SQL Server Best Practices

Recently was discussing with a colleague of mine as to the best practices in SQL. So this post is dedicated to that chat. The first thing we discussed about is the usage of NOLOCK's for tables in non highly transactional based databases with a wide user audience. Now the question of dirty reads does come to mind but at the end of the day the Read Uncommited transaction allows multiple end users to query the underlying table. NOLOCK is nothing more than a table hint that allows the query to be performed in a read uncommited fashion but is still a great practice to follow even while creating views. I have been using NOLOCK's for a large period of time (and sometimes implement it out of habit for my views i.e. SELECT C1,C2 FROM V1 (NOLOCK) as well which does not make any sense but is more of a force of habit except for my last post where I removed it on purpose) but I recently came across another table hint called READPAST but I am strictly avoiding this topic as this prevents the end user from reading locked rows as well.
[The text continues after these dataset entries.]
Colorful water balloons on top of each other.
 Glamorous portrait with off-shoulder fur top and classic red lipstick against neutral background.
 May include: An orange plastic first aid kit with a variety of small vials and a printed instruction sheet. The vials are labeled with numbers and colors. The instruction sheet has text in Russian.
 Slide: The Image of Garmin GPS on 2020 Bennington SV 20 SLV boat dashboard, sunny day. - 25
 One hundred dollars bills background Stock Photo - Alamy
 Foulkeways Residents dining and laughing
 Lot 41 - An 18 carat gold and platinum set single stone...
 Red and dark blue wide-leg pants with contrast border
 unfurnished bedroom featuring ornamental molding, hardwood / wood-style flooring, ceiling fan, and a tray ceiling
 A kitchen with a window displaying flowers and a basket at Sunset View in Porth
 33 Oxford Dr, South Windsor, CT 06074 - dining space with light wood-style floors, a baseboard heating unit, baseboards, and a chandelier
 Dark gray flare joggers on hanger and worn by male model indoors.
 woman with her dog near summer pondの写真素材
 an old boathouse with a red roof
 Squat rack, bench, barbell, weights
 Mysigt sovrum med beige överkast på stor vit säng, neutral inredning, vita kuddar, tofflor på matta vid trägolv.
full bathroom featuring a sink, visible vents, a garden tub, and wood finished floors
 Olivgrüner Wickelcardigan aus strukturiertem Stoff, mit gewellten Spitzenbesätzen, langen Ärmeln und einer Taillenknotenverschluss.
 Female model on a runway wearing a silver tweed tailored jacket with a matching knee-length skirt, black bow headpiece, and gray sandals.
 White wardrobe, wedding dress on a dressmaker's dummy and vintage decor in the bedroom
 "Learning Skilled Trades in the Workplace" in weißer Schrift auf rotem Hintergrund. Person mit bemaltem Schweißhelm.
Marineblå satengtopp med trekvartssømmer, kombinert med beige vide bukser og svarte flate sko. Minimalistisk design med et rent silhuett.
Another thing we discussed about was the usage of transactions within stored procedures. It is a good practice for SQL developers to always wrap SP's within transactions. Creation of an SP should have a BEGIN TRAN statement. The reason is quite simple Dr. Watson, you would want all the transactions that take place within the SP to be commited at one point in time. But there are exceptions to this practice and let us say that you are pulling information from table X to table Y and then going to update X or Y based on some logic. We would want the inserts to go ahead as planned and would not want to roll back the inserts unless it is a very small data load (roughly a couple of 100 records). The transaction wrapping allows us to follow the "ACI" of the ACID properties of an RDBMS. The next aspect to follow is the usage of ANSI standard SQL while writing basic standard SQL statements. I totally disagreed with this aspect, first and foremost using the standard t-sql everywhere is not going to downgrade the performance of your SQL. Example:

The performance in SQL server is going to be the same.... I do agree from a readability perspective that the ANSI standard is better but I am not going to support a standard just because the readability is a bit better. I do however use t-sql on a regular basis for majority of my queries but in case if the queries is to be made available to productionand the users are more familiar with a specific standard then I would definitely go ahead with the standard that is followed. Usage of cursors is not good..... I agree but it cannot be avoided everywhere and besides I think CURSORS even though non performant does have a lot of benefits.
Benefits:
  • Iterative looping (start from i and go on to n-1 once)
  • Ensuring that every row is taken into consideration
  • More hands on with the row cell than set based operations
  • Primary Keys are not required in the underlying data set or for that matter even generating a ROW_NUMBER() for the dataset
Usage of index hints should be made a common practice while writing SQL. Figuring out the number of indexes on the base tables and which indexes will improve the performance of the query and targeting that index should be made a practice. Usage of filtered indexes is also a good practice and roughly one that I would recommend. More information on filtered indexes can be gathered @ http://msdn.microsoft.com/en-us/library/cc280372.aspx My colleague did suggest knowing the DBCC commands as well as underlying base sp's to the T. Well it does help to have mastery over the DBCC and internal SP's but what is BING or Google for. I do not want to memorize these commands as they are not pertinent for my day to day work but everybody has their own opinion. Using unicode related datatypes like NVARCHAR,NCHAR etc.... sparingly. Setting the NOCOUNT on will not decrease the performance of your SQL but does add an additional routine to the query results. Having the NOCOUNT on is also a good practice. This is where the conversation changed to a different track but still was quite interesting while this track lasted. Also on a quick note usage of indexed views can certainly improve performance of the underlying queries to a certain extent. Let me give an example here:
I have a table TableCountry on which I have no primary keys on. I created a view on top of this called dbo.temp_view and I have another view called Test.temp_view with the same underlying SQL with a slight difference while creating the views as follows:
CREATE VIEW [dbo].Temp_View AS
SELECT Country,Margin FROM [dbo].[TableCountry]
CREATE VIEW [Test].Temp_View WITH SCHEMABINDING AS
SELECT Country,Margin FROM [dbo].[TableCountry]

The next step was for me to create a clustered index on top of the view [Test].Temp_View as follows:
CREATE UNIQUE CLUSTERED INDEX idx_temp_view ON [Test].Temp_View (Country)
Now let me execute the following queries in the order defined below:
SET SHOWPLAN_ALL ON
SELECT Country FROM [dbo].[temp_view]
SELECT Country FROM [Test].Temp_View WITH (NOEXPAND)

Now if you check out the result plan you will notice that the second query utilizes a CLUSTERED INDEX SCAN VS the TABLE SCAN used for the first query. Also the underlying CPU cost for the second is much lesser (as it is targeting a fixed segment on the page) rather than the page itself. Indexed views are really beneficial when you are targeting large tables using views and dont want the underlying MACRO EXPANSION to happen. But there is a cost of maintaining the index for the view (Speed VS Cost) which is something where one has to carefully consider while working with large OLTP systems.